Несмотря на то что князь «сидел» на киевском столе, Киев отнюдь не был «княжеским» городом. «Кыяне» подчинялись не княжеской администрации, а органам городского самоуправления. Политическая самостоятельность Киева простиралась даже в область межгосударственных отношений. Городские представители («гости») участвовали в заключении договора с Византией и выступали поручителями его соблюдения, наряду с послами князя [422] .
Киеву принадлежала чрезвычайно важная роль в военной организации Русской земли. В случае надобности горожане выставляли в поле земское ополчение — тысячу, или полк, укомплектованный воями, городскими и сельскими ратниками из неслужилого (не находившегося на службе у князя) населения, людия. Ополченцы сражались пешими, обыкновенным их вооружением были копья, дротики, луки, широколезвийные ножи, щиты; знатные люди опоясывались мечами. Предводительствовал полком тысяцкий, имевший под началом городскую аристократию — сотских, десятских и нарочитых мужей или, как их еще называли, лучших людей. То были потомки родоплеменной знати, старейшины, или старцы градские (людские), которые в мирное время образовывали нечто вроде городской думы, ведавшей всеми делами в Киеве и распоряжавшейся городской казной. Участвуя в военных предприятиях князя, «кыяне» получали львиную долю захваченной добычи. Так, после усмирения «древлян» Ольга передала Киеву две трети «деревской» дани.
422
Исследователи давно обратили внимание на «гостя» по имени Борич (или Бирич) в договоре 944 г. Возможно, это тот самый человек, по имени которого получил свое название Боричев взвоз. Если это так, то все «гости», представители Русской земли (помимо Борича, перечислено еще 25 имен), были жителями Киева, поскольку на Бориче купеческий именной перечень заканчивается.

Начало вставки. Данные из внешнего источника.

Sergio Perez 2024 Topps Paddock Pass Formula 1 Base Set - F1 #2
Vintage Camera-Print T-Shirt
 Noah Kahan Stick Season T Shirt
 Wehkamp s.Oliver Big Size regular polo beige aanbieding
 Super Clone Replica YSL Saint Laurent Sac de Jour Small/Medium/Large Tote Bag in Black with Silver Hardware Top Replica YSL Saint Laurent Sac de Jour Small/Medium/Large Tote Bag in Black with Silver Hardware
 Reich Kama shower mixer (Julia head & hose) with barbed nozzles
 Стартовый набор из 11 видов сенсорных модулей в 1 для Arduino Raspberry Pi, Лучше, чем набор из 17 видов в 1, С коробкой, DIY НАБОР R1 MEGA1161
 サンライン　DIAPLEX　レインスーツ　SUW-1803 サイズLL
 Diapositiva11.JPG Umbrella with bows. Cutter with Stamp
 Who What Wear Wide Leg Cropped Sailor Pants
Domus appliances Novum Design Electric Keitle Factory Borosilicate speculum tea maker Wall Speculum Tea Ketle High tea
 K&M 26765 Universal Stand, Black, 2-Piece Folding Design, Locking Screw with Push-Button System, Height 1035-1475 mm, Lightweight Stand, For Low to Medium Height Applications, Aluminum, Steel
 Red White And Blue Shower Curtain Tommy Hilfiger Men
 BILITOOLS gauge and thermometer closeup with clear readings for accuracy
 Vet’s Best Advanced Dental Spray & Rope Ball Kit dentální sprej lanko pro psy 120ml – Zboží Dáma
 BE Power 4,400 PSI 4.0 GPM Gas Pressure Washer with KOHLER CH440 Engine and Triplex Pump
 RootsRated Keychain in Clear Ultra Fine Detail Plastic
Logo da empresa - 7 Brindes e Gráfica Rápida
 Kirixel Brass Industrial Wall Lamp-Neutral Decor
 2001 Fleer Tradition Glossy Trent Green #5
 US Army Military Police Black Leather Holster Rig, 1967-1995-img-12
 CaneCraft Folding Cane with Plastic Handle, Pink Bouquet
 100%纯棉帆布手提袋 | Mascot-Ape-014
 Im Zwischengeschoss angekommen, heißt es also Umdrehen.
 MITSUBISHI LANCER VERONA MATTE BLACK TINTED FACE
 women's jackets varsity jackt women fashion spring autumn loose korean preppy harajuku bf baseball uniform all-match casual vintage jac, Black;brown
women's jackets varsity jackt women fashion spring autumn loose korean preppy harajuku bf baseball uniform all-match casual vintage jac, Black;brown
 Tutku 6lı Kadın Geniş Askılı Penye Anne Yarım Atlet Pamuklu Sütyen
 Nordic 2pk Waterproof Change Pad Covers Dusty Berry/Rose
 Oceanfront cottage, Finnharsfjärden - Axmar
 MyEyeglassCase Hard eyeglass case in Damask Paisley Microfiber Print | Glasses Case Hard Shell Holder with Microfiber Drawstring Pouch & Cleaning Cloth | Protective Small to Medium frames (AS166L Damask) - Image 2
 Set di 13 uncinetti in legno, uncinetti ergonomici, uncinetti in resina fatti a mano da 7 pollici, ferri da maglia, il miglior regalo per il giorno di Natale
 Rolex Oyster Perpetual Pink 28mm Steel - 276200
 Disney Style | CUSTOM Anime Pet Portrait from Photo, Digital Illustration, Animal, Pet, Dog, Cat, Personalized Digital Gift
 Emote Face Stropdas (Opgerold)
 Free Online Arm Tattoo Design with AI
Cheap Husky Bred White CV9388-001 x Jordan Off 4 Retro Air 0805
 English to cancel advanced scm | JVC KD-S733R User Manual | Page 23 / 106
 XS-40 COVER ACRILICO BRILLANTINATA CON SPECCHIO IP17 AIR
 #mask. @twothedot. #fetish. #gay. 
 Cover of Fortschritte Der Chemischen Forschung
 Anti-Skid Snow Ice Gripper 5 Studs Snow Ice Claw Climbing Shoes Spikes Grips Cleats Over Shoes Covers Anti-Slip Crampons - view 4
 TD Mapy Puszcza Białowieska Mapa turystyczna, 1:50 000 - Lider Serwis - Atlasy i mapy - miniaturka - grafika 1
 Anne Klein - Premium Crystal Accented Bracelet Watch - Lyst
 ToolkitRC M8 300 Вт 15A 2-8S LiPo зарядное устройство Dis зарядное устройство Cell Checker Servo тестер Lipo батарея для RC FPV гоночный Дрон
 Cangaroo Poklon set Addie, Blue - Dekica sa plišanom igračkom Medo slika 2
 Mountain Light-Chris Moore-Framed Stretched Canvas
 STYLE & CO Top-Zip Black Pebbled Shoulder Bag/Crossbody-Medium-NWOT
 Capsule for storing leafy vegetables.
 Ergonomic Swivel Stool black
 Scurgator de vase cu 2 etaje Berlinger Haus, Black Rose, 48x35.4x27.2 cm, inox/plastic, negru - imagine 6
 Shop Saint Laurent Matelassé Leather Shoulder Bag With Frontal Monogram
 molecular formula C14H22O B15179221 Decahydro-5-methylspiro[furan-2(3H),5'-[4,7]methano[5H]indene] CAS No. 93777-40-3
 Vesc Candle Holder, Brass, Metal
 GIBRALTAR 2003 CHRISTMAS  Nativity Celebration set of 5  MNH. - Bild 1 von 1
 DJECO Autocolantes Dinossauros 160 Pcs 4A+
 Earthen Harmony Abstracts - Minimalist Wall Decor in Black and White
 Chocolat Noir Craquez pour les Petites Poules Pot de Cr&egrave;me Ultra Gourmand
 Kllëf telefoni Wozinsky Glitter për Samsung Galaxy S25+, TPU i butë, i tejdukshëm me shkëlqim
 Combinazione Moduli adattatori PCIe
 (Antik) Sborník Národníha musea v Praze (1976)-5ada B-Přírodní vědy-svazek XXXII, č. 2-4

Древнерусские источники не позволяют составить сколько-нибудь цельного представления об общественном статусе старцев градских. По счастью, в нашем распоряжении есть довольно подробные описания общественной организации поморских славян, принадлежащие перу германских миссионеров XII в. И поскольку славянская часть киевских «полян», согласно данным летописи, происходила из «ляхов», то есть с соседней территории, мы можем использовать сведения германских памятников о поморской знати в качестве методически оправданной и исторически точной аналогии с положением старцев градских в Русской/Киевской земле, тем более что уровень развития общественных институтов в обеих странах был примерно одинаков.
Знатные роды поморских славян пользовались у простого народа особенным уважением и почтением. Благодаря этому обстоятельству влияние знатных людей имело вполне самостоятельный источник, независимый ни от князя, ни от веча. Родовая аристократия не состояла на службе у князя и не входила в его дружину. Князь не имел над ней прямой власти, не мог приказывать ей. В тех случаях, когда ему необходимо было заручиться содействием городских старшин, он слал им свои предложения, с поклоном от своего имени, а те, обсудив, принимали их к сведению или отвергали. Точно так же из нашей летописи известно, что в 1147 г. великий князь Изяслав Мстиславич отправил послов в Киев к «брату своему Володимеру... и к Лазарю тысячьскому».
Не принадлежа к княжеской администрации и служилым людям, городские старшины не были, однако же, и выборными людьми. Их ведущая роль в управлении городом определялась не решением веча, а исключительно обычаем, предписывавшим чтить благородное происхождение.
Каждый знатный род имел своего главу. Между этими старейшинами обыкновенно выделялся один, славившийся наибольшей древностью рода, богатством, личными достоинствами. Как правило, такой человек пользовался в городе почти неограниченным влиянием. В этом отношении любопытен пример Щетина, который слыл в Поморье «матерью городов», подобно древнерусскому Киеву. В Житии святого Отгона Бамбергского (начало XII в.) сообщается, что «некто Домослав, первенствовавший между жителями Щетина качествами тела и души и множеством богатства, а равно знатностью рода, пользовался от всех такою честью и таким уважением, что и сам князь поморский Вратислав без его совета и согласия ничего не делал, и от его слова зависели как общественные, так и частные дела. Ибо Щетин, сей отличный город, который, заключая в своей окружности три холма, первенствует между всеми городами Поморья, был наполнен его родственниками, рабами и друзьями. А также в других окрестных странах было у него такое множество родни, что не легко бы стало кому-либо ему противиться...».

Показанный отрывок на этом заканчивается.